Para Scruton, a última ponta de conexão entre o homem e Deus é a arte, por meio da qual ele mesmo (e nisso vejo sinceridade) encontra as últimas centelhas do sagrado no mundo opaco da pós-modernidade.
Acredito que o melhor de Scruton não está em suas posições políticas polêmicas (as quais, desgraçadamente, abundam em "Como ser um Conservador"), mas sim em sua percepção de que a beleza e o conhecimento pessoal de si serão sempre mais importantes do que movimentos políticos revolucionários.

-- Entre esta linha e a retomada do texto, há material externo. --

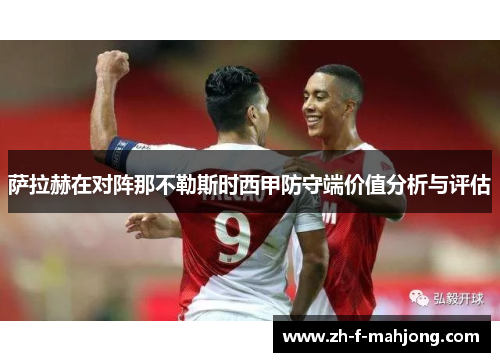 萨拉赫在对阵那不勒斯时西甲防守端价值分析与评估
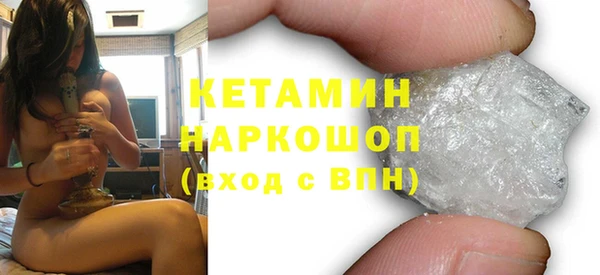 круглые Кинешма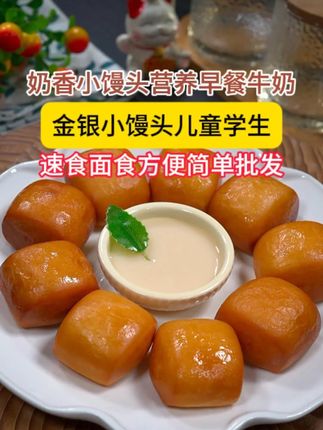 v孩子爱吃的炼乳黄金小馒头,其实在家做也非常简单 #空气炸锅美食 #炼乳小馒头 #小馒头 #妈呀太香了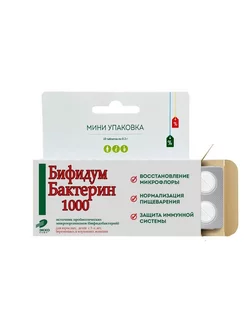 бифидумбактерин-1000 n10 табл по 0,3г-1шт ЭККО ПЛЮС 246042097 купить за 259 ₽ в интернет-магазине Wildberries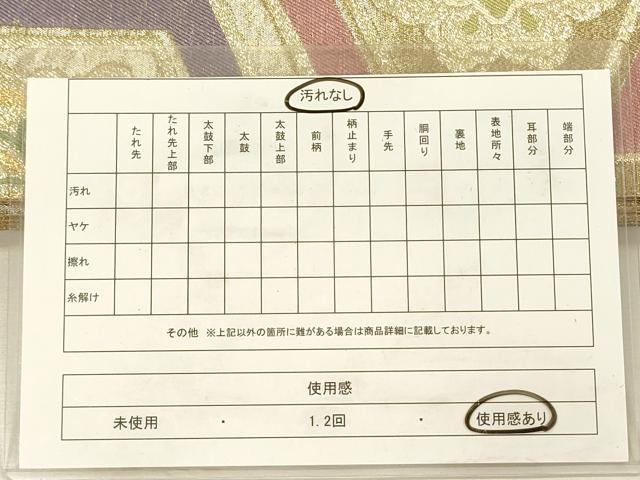 平和屋着物◎六通柄袋帯　亀甲花文　金糸　正絹　逸品　DABJ2583ya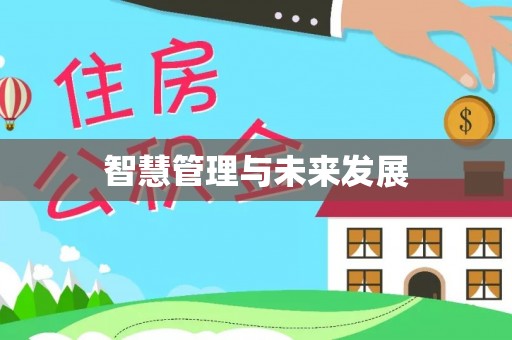任城智慧管理与未来发展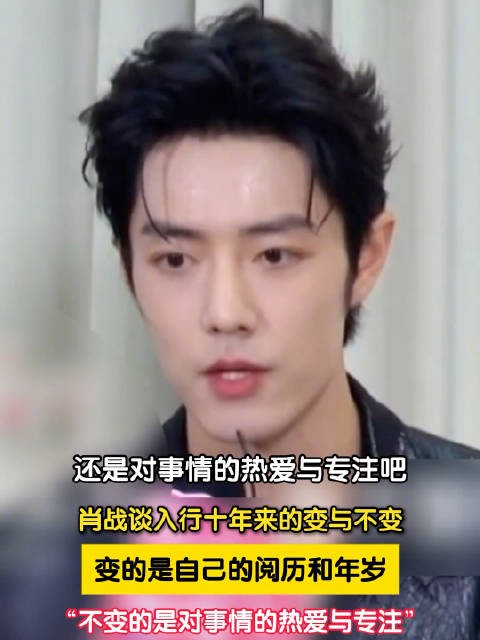 10年岁月肖战说热爱与专注不改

Em resumo, para o público brasileiro, habituado a filósofos progressistas, materialistas e teólogos libertários, ler Scruton serve de colírio para "provocar" um debate filosófico riquíssimo entre essas duas visões políticas de mundo.
Apesar disso, embora seja um colírio, ainda sim, é um colírio envenenado, já que sua leitura não substitui os maravilhosos tratados espirituais que a cultura medieval, bíblica e transcendente nos legou ao longo dos séculos. Em verdade, se é que nós devemos ser conservadores, devemos ser conservados de amizades, de risadas e daquilo que de bom nós recebemos de nossos pais (conforme Oakeshott), mas não "conservadores políticos", já que, enquanto movimento político, o conservadorismo inglês é tanto ideologia quanto o progressismo o é.
Afirmo, sem medo, que em um país com uma prolífica tradição espiritual como o Brasil (predominantemente católica/cristã e subsidiariamente de religiões de matriz africana), vale mais nos aprofundarmos nos clássicos da fé e da filosofia, como os já mencionados Chesterton e Tomás, em Platão, além da Bíblia (principal), Agostinho e outros.